### Exercise brief
An exact restatement of all the data is required, with the pictures left out.

### Material provided

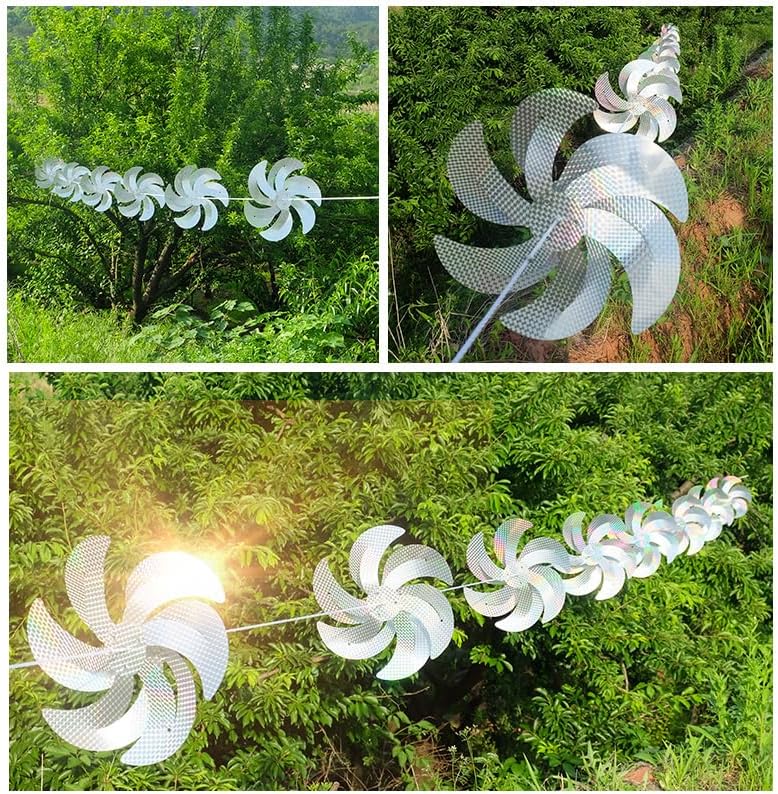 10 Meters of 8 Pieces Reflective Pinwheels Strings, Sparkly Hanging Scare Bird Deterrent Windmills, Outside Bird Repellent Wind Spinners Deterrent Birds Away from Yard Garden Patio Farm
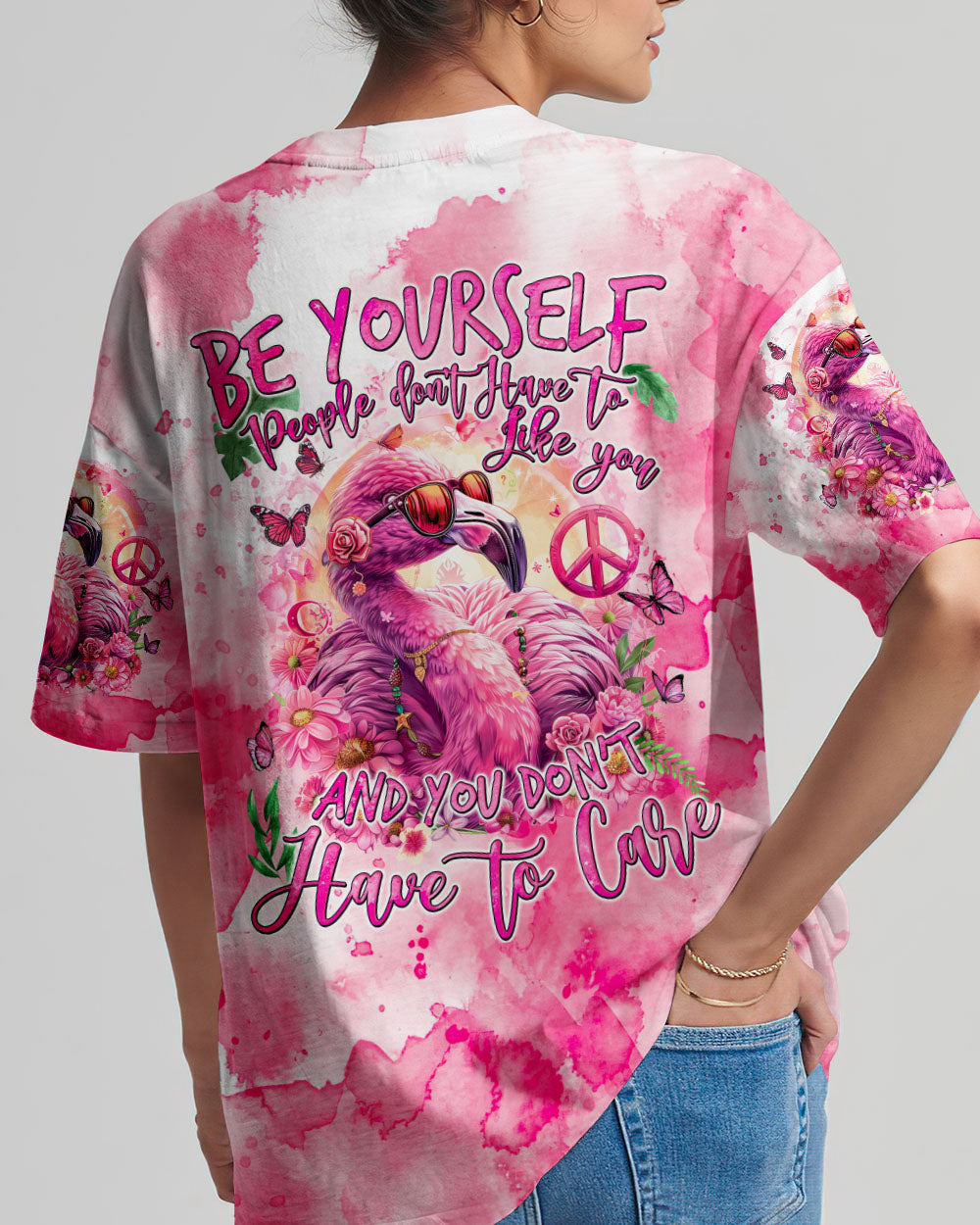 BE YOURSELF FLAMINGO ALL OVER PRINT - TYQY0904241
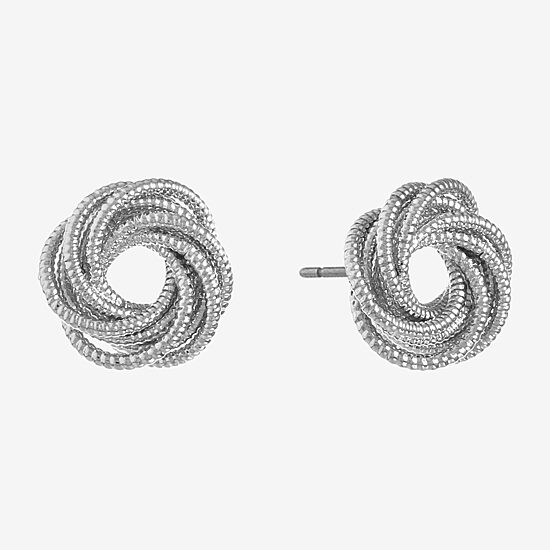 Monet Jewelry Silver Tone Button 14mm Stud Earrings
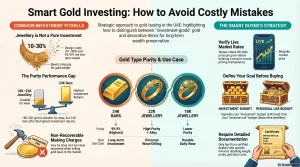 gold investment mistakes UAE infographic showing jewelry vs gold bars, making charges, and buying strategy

### Response to this task
 10 Meters of 8 Pieces Reflective Pinwheels Strings, Sparkly Hanging Scare Bird Deterrent Windmills, Outside Bird Repellent Wind Spinners Deterrent Birds Away from Yard Garden Patio Farm
 BE YOURSELF FLAMINGO ALL OVER PRINT - TYQY0904241
 Monet Jewelry Silver Tone Button 14mm Stud Earrings
 gold investment mistakes UAE infographic showing jewelry vs gold bars, making charges, and buying strategy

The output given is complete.